Looking At Reddit Comment Data, part 1

Last month I came across this article, Dissecting Trump’s Most Rabid Online Following. Despite obvious political leaning of the author, it's still an interesting article. The discussion on calculating similarity between subreddits all sounded vaguely familiar, and reminds me of calculating movie and user similarities for the Netflix prize. So I decided to take a look at the raw data of the article (and try out Goggle bigtable + bigquery at the same time). Previously I didn't know there's a large, publicly accessible dataset of reddit comments.

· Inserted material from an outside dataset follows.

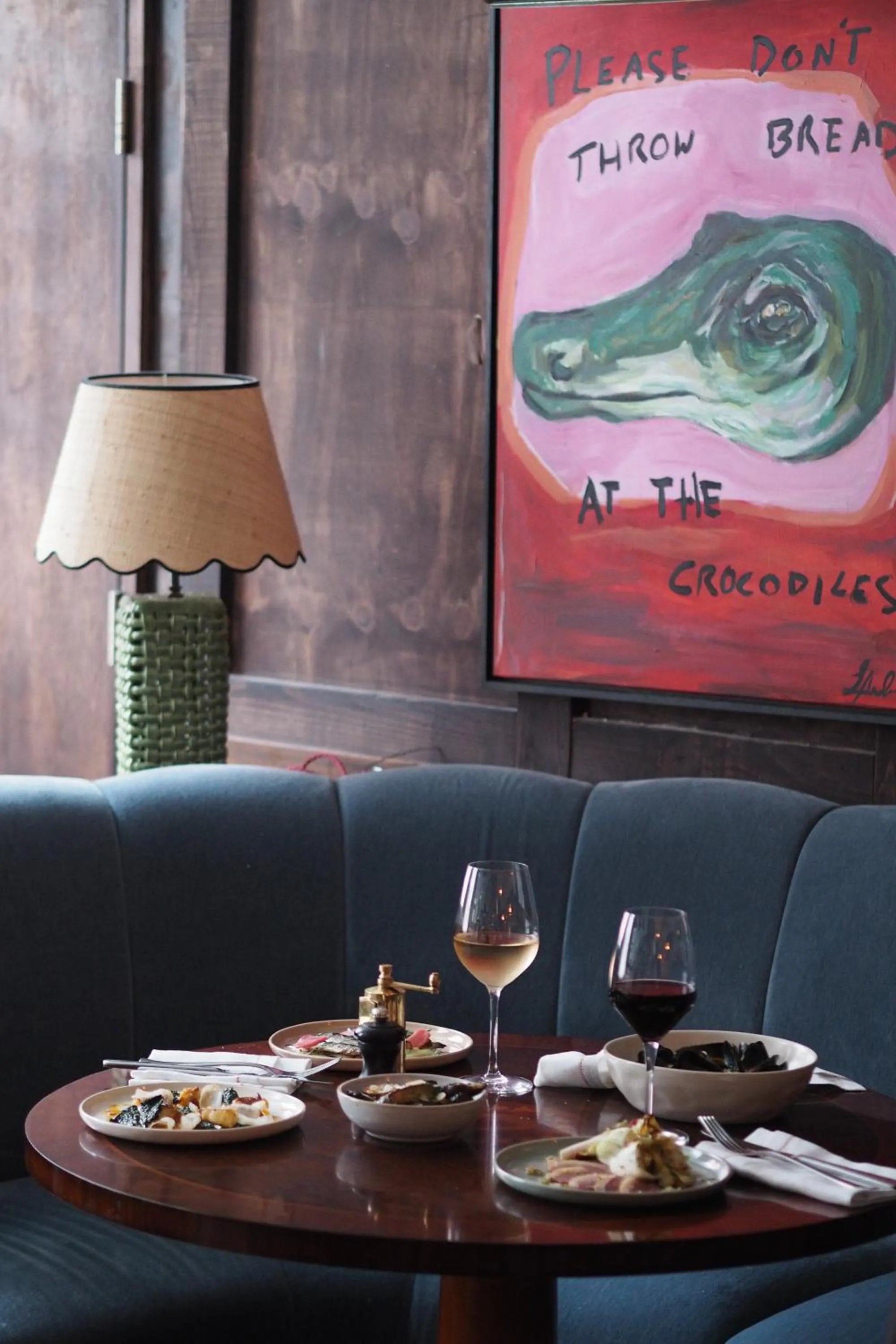 Food and drinks in Artist Residence Bristol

The original article used data from Jan 2015 to Dec 2016. At the time I looked at the dataset, it had data up to Feb 2017, so I used data from Jan 2015 to Feb 2017, which has almost 1.7 billion comments. After a quick look, I decided to ignore the comments from two special "users" accounts:
  • deleted users, with 7% of all comments
  • AutoModerator, a "moderation bot", with 0.7% of all comments
There're many other bots, but fortunately they seemed very small relative to AutoModerator. I tallied all users whose name starts with "auto" or ends with "bot", and who have at least 10000 comments, and together they have only 0.34% of all comments. So due to time constraints, I didn't go on a bot-hunting spree. After removing the two special "users" from analysis, the dataset had:
  • 313080 subreddits
  • 14718265 users (who posted at least 1 comment)
  • 1566721864 comments
Notice the "users" here are those who posted at least 1 comment from Jan 2015 to Feb 2017, and users who never posted a comment in that time frame are not in the dataset.

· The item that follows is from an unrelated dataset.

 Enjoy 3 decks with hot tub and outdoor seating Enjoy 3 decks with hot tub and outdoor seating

Like most social web sites, a small numbers of users are responsible for most content:
  • top 0.01% of users posted 3% of all comments
  • top 0.1% of users posted 12% of all comments
  • top 1% of users posted 41% of all comments
  • top 10% of users posted 85% of all comments
Since the users who never posted a comment are not in the dataset, the percentages in terms of all reddit users are even more skewed.



Similarly, the number of users/commenters in all subreddits is also very skewed:
  • 8 subreddits have 1000000 or more users
  • 149 subreddits have 100000 or more users
  • 1723 subreddits have 10000 or more users
  • 8588 subreddits have 1000 or more users
  • 304492 subreddits have less than 1000 users
Again, remember this is a user comment dataset, and "users" includes only those who posted at least 1 comment from Jan 2015 to Feb 2017.